(Source records)
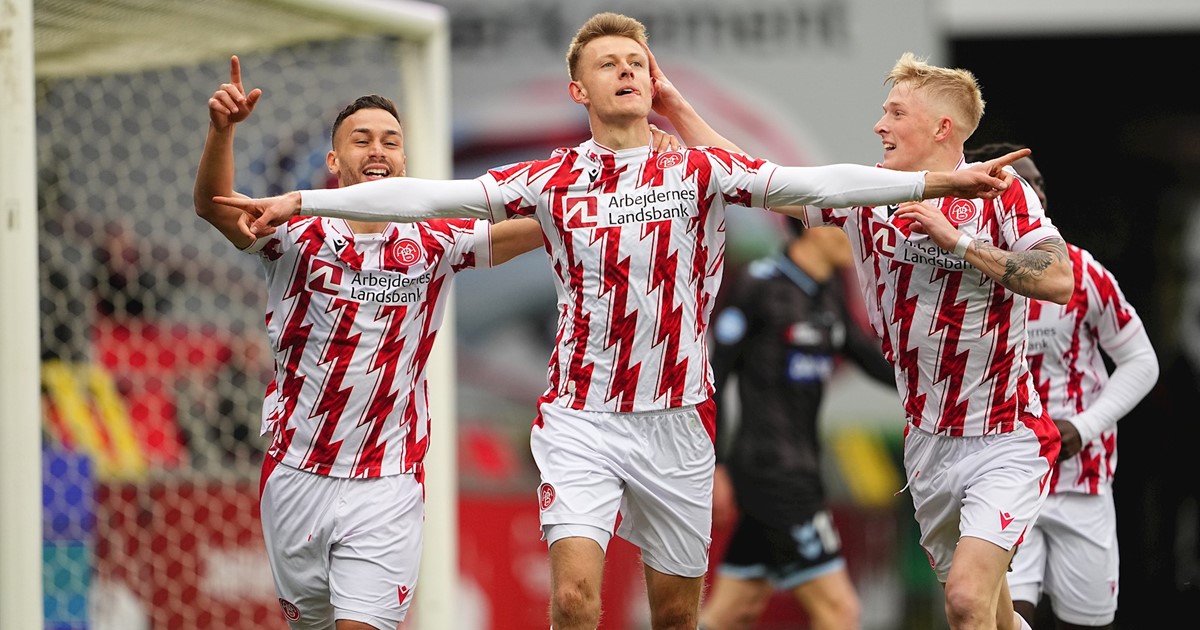 Σοντερίσκε – Άαλμποργκ στοίχημα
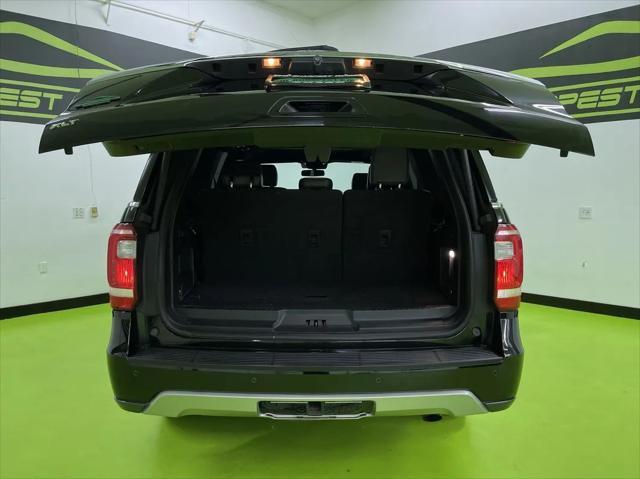 used 2018 Ford Expedition car, priced at $21,988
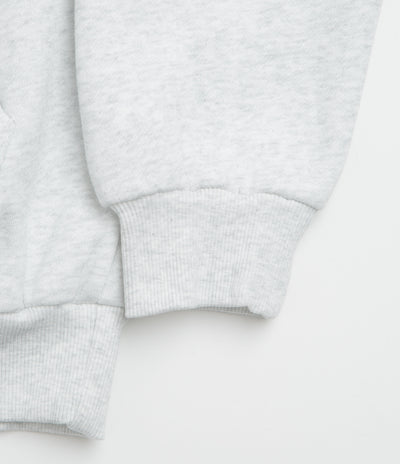 Butter Goods Terrain Hoodie - Ash / Blue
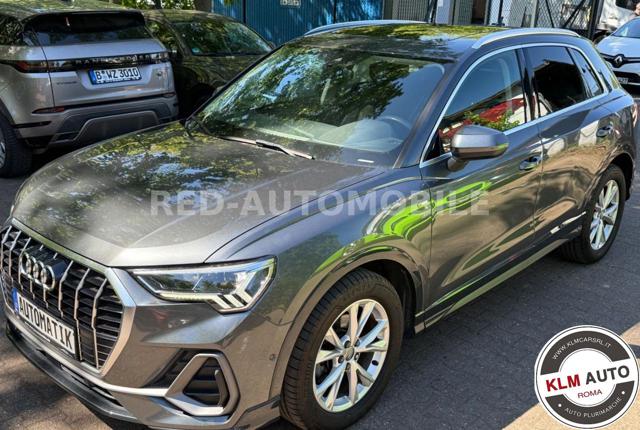 AUDI Q3 GRIGIO DAYTONA metallizzato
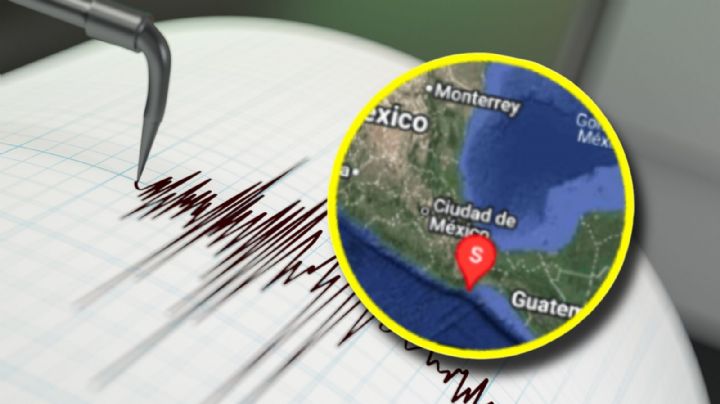 Así se vivió el sismo magnitud 5.2 en La Crucecita Huatulco, Oaxaca | VIDEO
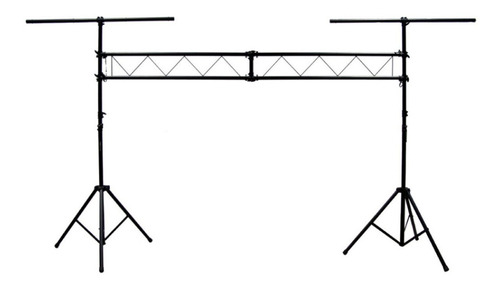 Stand O Porteria P/ Luces Profesionales 120kg 3.5mt Uso Rudo
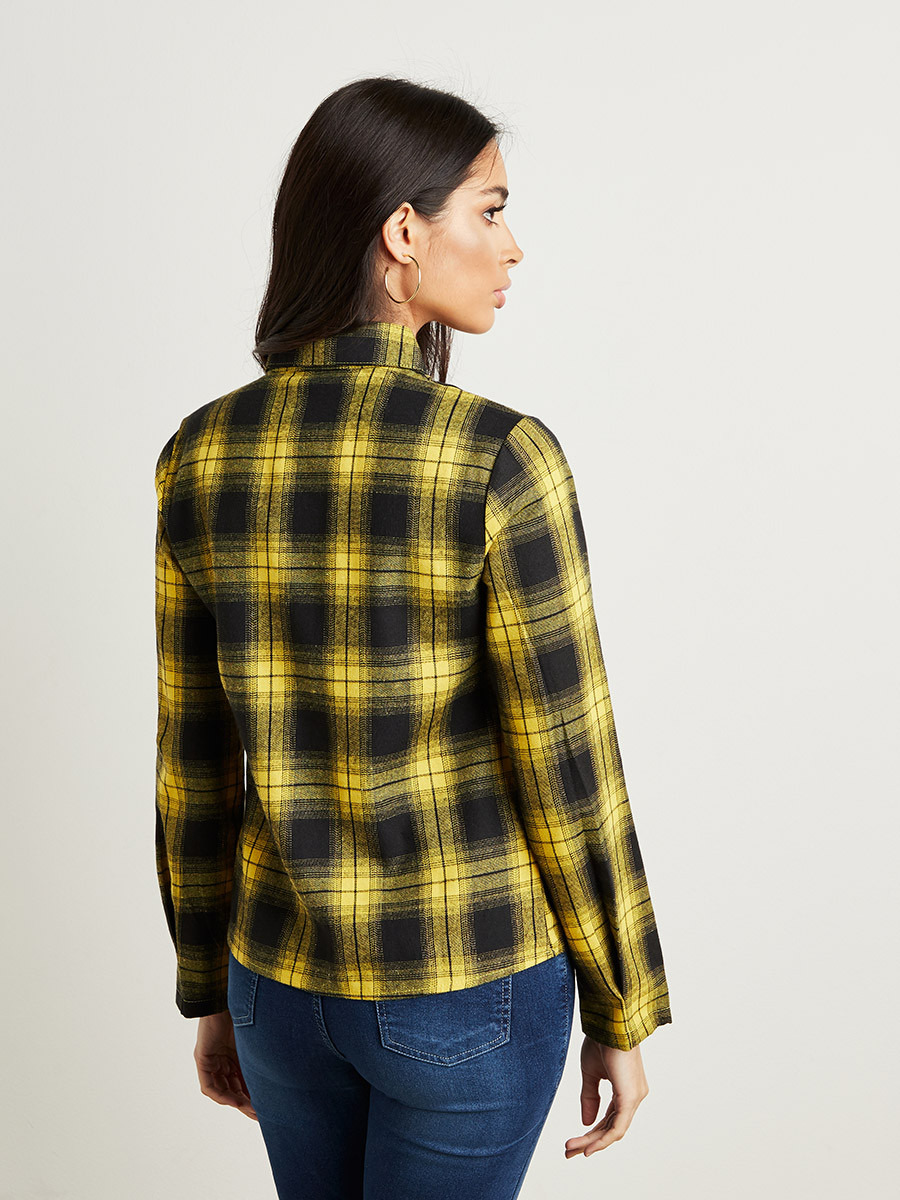 قميص مطبوع بأكمام طويلة من ستايلي-women-clothing-shirtsandblouses-blouses-image-4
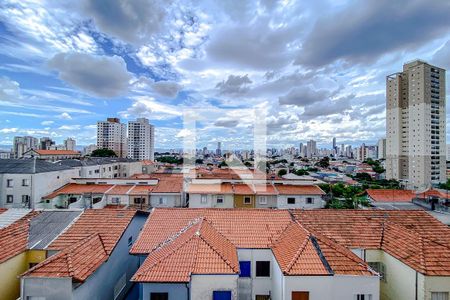 Vista da Sala de apartamento para alugar com 1 quarto, 25m² em Alto da Mooca, São Paulo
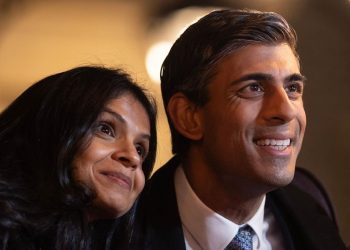 Conservative crisis: Rishi Sunak's popularity decline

**PROBLEM STATEMENT:** Nothing but the lines from the one containing "used 2018 Ford" through the last line of the records above should appear, each repeated exactly, with no pictures.

**FINISHED TASK:**
 used 2018 Ford Expedition car, priced at $21,988
 Butter Goods Terrain Hoodie - Ash / Blue
 AUDI Q3 GRIGIO DAYTONA metallizzato
 Así se vivió el sismo magnitud 5.2 en La Crucecita Huatulco, Oaxaca | VIDEO
 Stand O Porteria P/ Luces Profesionales 120kg 3.5mt Uso Rudo
 قميص مطبوع بأكمام طويلة من ستايلي-women-clothing-shirtsandblouses-blouses-image-4
 Vista da Sala de apartamento para alugar com 1 quarto, 25m² em Alto da Mooca, São Paulo
 Conservative crisis: Rishi Sunak's popularity decline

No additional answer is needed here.